# Images of professional motocross



## Adam934MX (Jun 30, 2010)

Here are a few shots I liked from the last few weekends of shooting. Feedback and criticism are appreciated as I'm always trying to improve.


1.
	

	
	
		
		

		
			





2.





3.





5.





6.





7.





8.





9.






10.





Thanks for checking them out!


----------



## Aragorncito (Jul 2, 2010)

Hello nice work ! . This is what I think ; photograph number 2 is similar to 1, so I will remove it from the serie , the same goes for picture number 5 which is similar to 7. And the last one should be better in color becasue as you know B & W add dramatism , the guy is smiling. If you have a picture where the pilots are preparing befor the race or a shot when the race is about to start in the goal line, should round this work.


----------



## dxb photo (Jul 3, 2010)

Hey man, those shots are great. Really liking the ones of Dungy and Alessi.


----------



## c.cloudwalker (Jul 3, 2010)

Your color work is fine but your B&W needs help.

#5 is not a bad conversion but the subject is not the best for B&W. Too gray but I'm not sure you could make it pop without a whole lot of work.

#10 is just dull. Way too gray. It needs more contrast and probably will need some dodging and burning as a result.


----------



## KmH (Jul 3, 2010)

I would venture some of your photos lose some of their dynamicism by having the main subject to close to the center of the frame.

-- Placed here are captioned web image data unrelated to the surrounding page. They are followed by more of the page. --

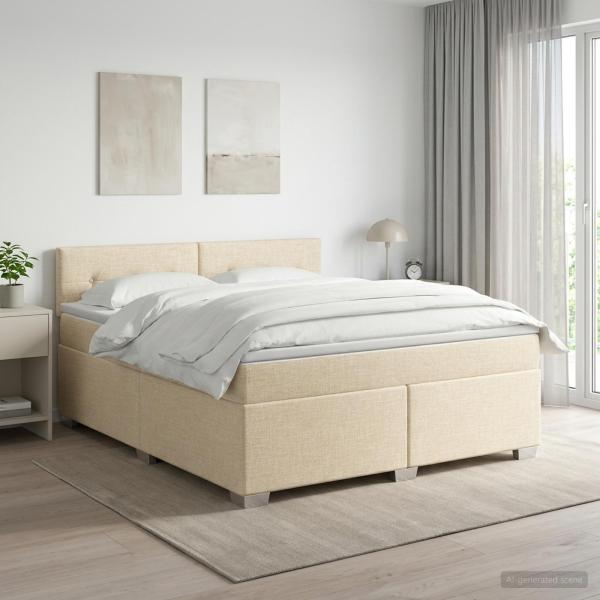 ARDEBO.de - Boxspringbett mit Matratze Creme 180 x 200 cm Stoff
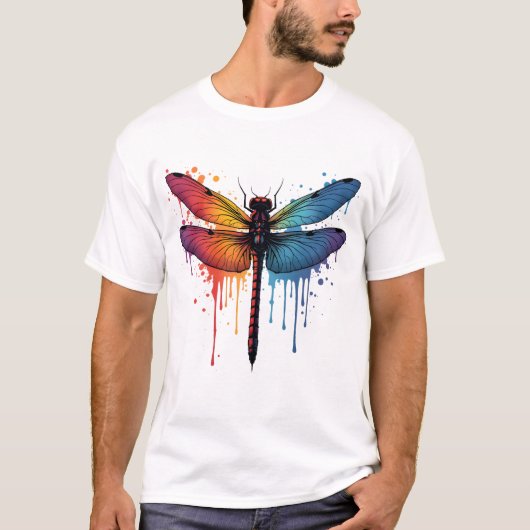 Coole Libelle auf bunt bemalter Libelle T-Shirt (Vorderseite)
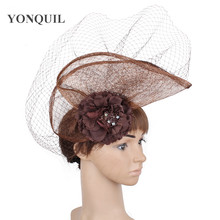 Women Hats Party Tea Fascinators Headbands Bidal Married Mesh Headwear Veils Hair Accessories Ladies Elegant Flower Headpiece 2024 - buy cheap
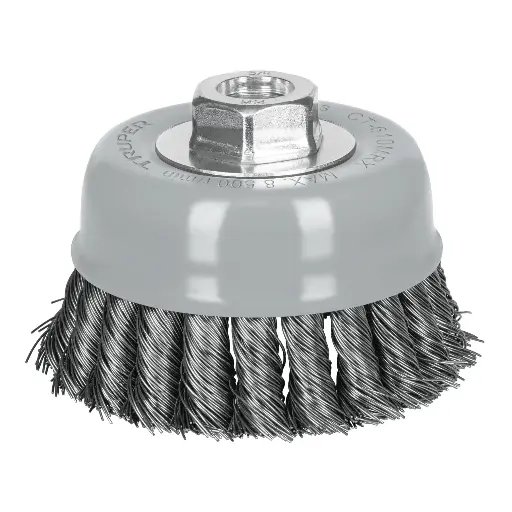 [100855] Carda copa 4' alambre trenzado grueso, Multi-rosca, Truper 100855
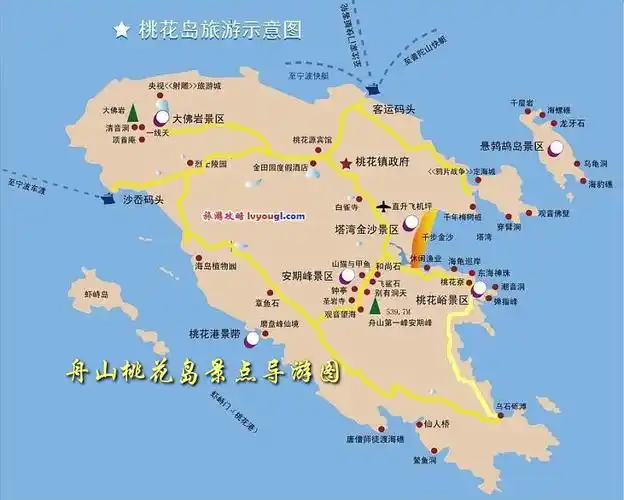 舟山桃花岛景点导游图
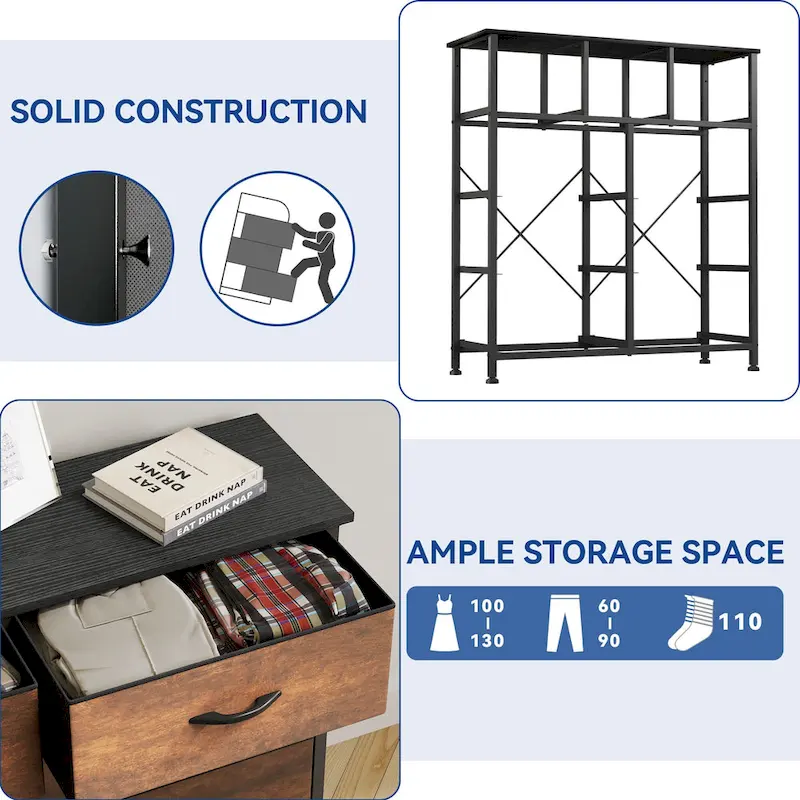 Moasis Rustic Wood-grain Badroom Dresser with Metal Frame, Wooden Top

Also, in shots like #1 it would be more dynamic if the wheels weren't stopped and had some motion blur. Less shutter speed is needed when a subject is moving perpendiular to the plane of the image sensor. The trick part, is rendering the rider sharply but still letting the wheels get motion blurred. #1 also seems oversaturated.

Six, 7, and 8 could have used some strobed light to make the riders 'pop'.

Photoshop 7 is getting way long in the tooth and it stripped all your exposure EXIF data.


----------